I am back to writing; in fact I had a great breakthrough on my novel and am finally making progress after I stalled for way too long. Being at work is tough though and I can’t seem to get back into it.

I’m sure the time change for daylight savings time isn’t helping, but that’s not it either.  I just wish the foggy, surreal feeling would go away. I don’t like feeling like I’m not present in my own life.

Anyone else feel like this?

p.s. The photo above is not one I took of Chicago although I have tons of photos from there that I still need to edit.  Hopefully I can tackle them in the near future.

 

Excitement and Anxiety

I’d originally written this blog post about a week out from the start of GRL and my trip to Chicago.  Well, I kept forgetting to post it, and when I finally did go to post it, I couldn’t find it anywhere.  *sighs*  That tells you exactly where my brain’s been all week.

So here we go.  Take two.

When I signed up for the GayRomLit Retreat last winter, I was really excited.  Some time off work, a trip to a city I hadn’t been to in a long time, a chance to meet friends I’ve only talked to online, and an opportunity to learn more about writing and the m/m romance world?  Awesome!

When I decided to take two weeks off work and turn it into an extended vacation that was even better.  I’d get to spend some time with friends outside of the writing world then meet my husband and parents downtown and enjoy the city. Yay, vacation! Even more awesome!

But now, it’s not awesome.  Now it’s just terrifying.  Now it’s like the first day of a new job and school anxiety combined with vacation logistics all rolled into one giant clusterfuck of panic.  I want to curl up in a little ball and cry and have someone pet my hair and tell me it’s going to be okay.  The stupid thing is, I know it will.  I’ve done way crazier shit than this.  At nineteen or so, I hopped on a Greyhound bus with my best friend and we took it from Lansing to Manhattan to meet a couple of guys, one of which I only sort of knew.  About a year later I flew to New York by myself (to see one of those guys who I wound up dating for nearly a year). I’ve gone to Paris twice.  I’ve lived through an apartment fire.

I can handle shit, I know that.  Once I get there I’ll be fine.  The anxiety will ebb away and I’m sure I’ll have a blast.

But right now it doesn’t feel that way.  Right now it’s the kind of anxiety that twists my stomach.  If someone offered me a full refund on the conference I would take it.  If I could back out without losing money and disappointing everyone, I’d jump on it.  If I could quit without feeling like I’d let myself down, I would.  Except, I don’t want to be a person who lets my fears get in the way of awesome things.  I want to be brave and do things that scare me.

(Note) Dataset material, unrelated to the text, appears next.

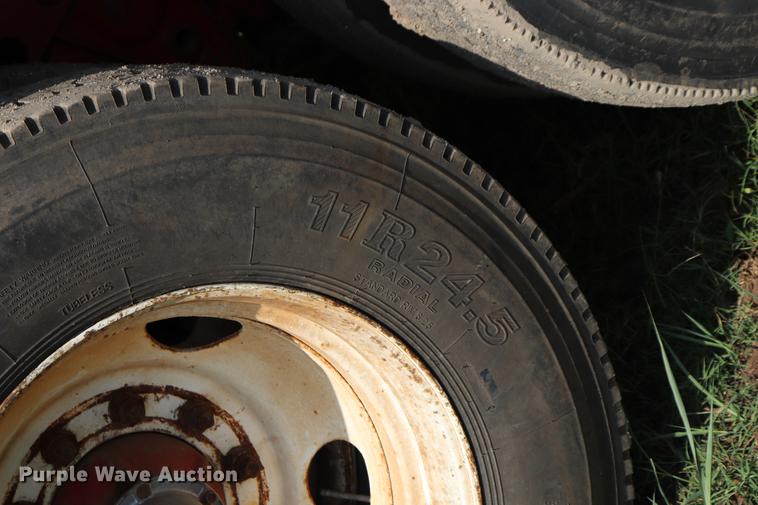 image for item ED9530 1974 Fontane FLTS flatbed trailer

So for now it’s just one foot in front of the other as I check things off on my To Do list and try to keep the panic to a dull roar.

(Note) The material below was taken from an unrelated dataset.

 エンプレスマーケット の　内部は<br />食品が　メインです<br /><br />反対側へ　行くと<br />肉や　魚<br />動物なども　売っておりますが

I leave tomorrow for Chicago.  It’s about a four hour drive from here.  I’ll head straight for Roger’s Park where my friend lives.  I’ll probably hang out at a coffee shop for a bit while she finishes her work day.  I’ll have a little time to decompress and then we can spend some time together on Tuesday and go to dinner which I am really looking forward to.

GRL starts with a Writer’s Workshop on Wed. and the rest of the retreat is Thursday through Sunday.  Sunday I’ll meet my husband and parents downtown and we’ll stay until the following Friday.  We have plans to go to the museums and aquarium and check out the downtown.  Doesn’t that sound wonderful?

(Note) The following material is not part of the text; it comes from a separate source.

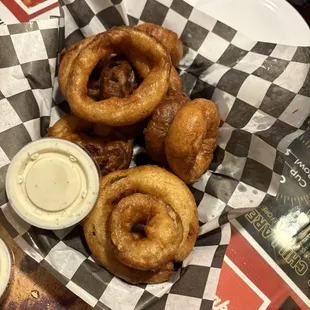 Onion Rings (very greasy)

Now if only I could convince my anxious little brain of that.

p.s. Oh, and that cry I needed? I got that.  A friend sent me a really lovely, supportive message just as I was finishing this up and it made me cry.  Just a quick, hard cry but it helped a lot.

I can do this.

Stratford, Ontario

I’ve pretty much been going non-stop since last December.  Work and writing don’t leave much time for relaxing so I made a conscious choice before I left for a long weekend in Canada.  No phones, no internet, no laptop, no writing … for three whole days.  The idea was painful.  Forcing myself to leave my laptop at made me twitchy.  I love writing.  Deeply.  But I know if I’m not careful I will burn out and that won’t do me any favors as a healthy human being or as a writer.  So I loaded my tablet with books, turned off the internet, grabbed my camera, and headed to Canada!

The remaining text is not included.